Sommes-nous vraiment prêts à faire passer par pertes et profits tout ce qu’un passé gros de plusieurs siècles nous lègue comme héritage de pensée, comme conseil de retenue et de prudence ? Les règles de la pensée elles-mêmes sont-elles devenues trop oppressives et tyranniques pour des volontés qui se veulent libres de choisir leurs conclusions, indépendamment de toute fondation logique et morale stable ? Aucun de nous ne souhaiterait vivre dans un monde affranchi de la rationalité : car un monde qui congédie la raison et ses règles, est un monde qui prive les individus de se parler réellement, de délibérer et d’agir ensemble ; c’est un monde où les mots sont vidés de leur sens, de leur pouvoir, et où ne règnent plus que l’arbitraire des individus, la loi du plus fort, et le déchaînement de la violence.

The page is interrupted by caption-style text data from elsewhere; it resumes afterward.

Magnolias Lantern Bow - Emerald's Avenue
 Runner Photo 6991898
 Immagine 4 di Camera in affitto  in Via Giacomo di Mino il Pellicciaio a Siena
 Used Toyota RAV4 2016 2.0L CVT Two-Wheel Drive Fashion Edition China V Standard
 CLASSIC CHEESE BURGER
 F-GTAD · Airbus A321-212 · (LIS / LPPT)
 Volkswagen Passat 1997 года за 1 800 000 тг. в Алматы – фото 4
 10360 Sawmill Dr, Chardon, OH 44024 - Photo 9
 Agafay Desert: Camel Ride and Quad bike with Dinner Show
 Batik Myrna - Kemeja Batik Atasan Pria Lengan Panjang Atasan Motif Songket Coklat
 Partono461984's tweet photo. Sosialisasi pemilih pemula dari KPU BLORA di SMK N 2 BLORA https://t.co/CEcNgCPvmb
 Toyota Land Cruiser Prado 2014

Le doute n’a-t-il plus aucune prise sur nous ?

Les menaces qui pèsent sur l’environnement nous font renouer avec un certain sens de la mesure, de l’auto-limitation, et une authentique écologie nous apprend à ne pas soumettre le vivant à la seule loi de notre hubris et de notre prédation : qu’il est étrange de redécouvrir le principe de précaution quand il s’agit de prendre soin de la biodiversité animale et végétale, et de l’oublier si vite face à l’embryon humain. À vous, les 337 députés qui avez affiché une sorte d’option préférentielle pour l’IVG en choisissant de constitutionnaliser ce « droit » particulier plutôt qu’un autre, nous ne demandons pas de rallier un camp ou une opinion déjà formée, nous vous demandons d’écouter nos questions et nos doutes. À vous qui voulez réaliser l’impossible en voulant clore un débat qui ne peut structurellement pas l’être, nous voudrions demander : êtes-vous bien sûrs ? le doute n’a-t-il plus aucune prise sur vos esprits ?

Élisabeth Geffroy

(1) Cf. la déclaration de la Congrégation pour la Doctrine de la foi sur l’avortement provoqué (1974), notamment la note 19, ou cf. l’encyclique Evangelium Vitae (1995), n. 60.